The Cache Kernel caches a collection of thread objects, one for each application kernel thread that should be considered for execution. The thread object is loaded with the values for all the registers and the location of the kernel stack to be used by this thread if it takes an exception (as described in Section 2.1). Other process state variables, such as signal masks and an open file table, are not supported by the Cache Kernel, and thus are stored only in the application kernel. As with address space objects, the Cache Kernel returns an object identifier when the thread is loaded which the application kernel can use later to unload the thread, to change its execution priority, or to force the thread to block. Each thread is associated with an address space which is specified (and must be already loaded) when loading the thread.
The Cache Kernel holds the set of active and response-sensitive threads by mechanisms similar to that used for page mappings. A thread is normally loaded when it is created, or unblocked and its priority makes it eligible to run.

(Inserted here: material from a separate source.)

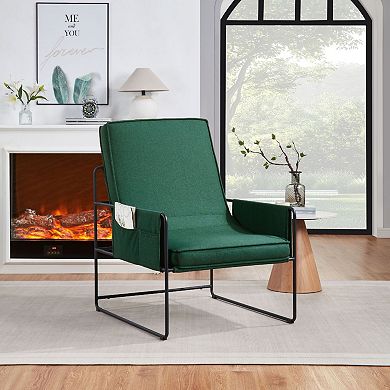 Sling Accent Chair with Removable Cushion and Storage Bag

It is unloaded when the thread blocks on a long-term event, reducing the contention for thread descriptors in the Cache Kernel. For example, in the UNIX emulation kernel, a thread is unloaded when it begins to sleep with low priority waiting for user input. It is then reloaded when a ``wakeup'' call is issued on this event. (Reloading in response to user input does not introduce significant delay because the thread reload time (about 230 s) is short compared to interactive response times.) A thread whose application has been swapped out is also unloaded until its application is reloaded into memory. In this swapped state, it consumes no Cache Kernel descriptors, in contrast to the memory-resident process descriptor records used by the conventional UNIX kernel. A thread being debugged is also unloaded when it hits a breakpoint. Its state can then be examined and reloaded on user request.
A thread that blocks waiting on a memory-based messaging signal can be unloaded by its application kernel after it adds mappings that redirect the signal to one of the application kernel's internal (real-time) threads. The application-kernel thread then reloads the thread when it receives a redirected signal for this unloaded thread. This technique provides on-demand loading of threads similar to the on-demand loading of page mappings that occurs with page faults. A thread can also remain loaded in the Cache Kernel when it suspends itself by waiting on a signal so it is resumed more quickly when the signal arrives. An application kernel can handle threads waiting on short-term events in this way. It can also lock a small number of real-time threads in the Cache Kernel to ensure they are not written back. Retaining a ``working set'' of loaded threads allows rapid context switching without application kernel intervention.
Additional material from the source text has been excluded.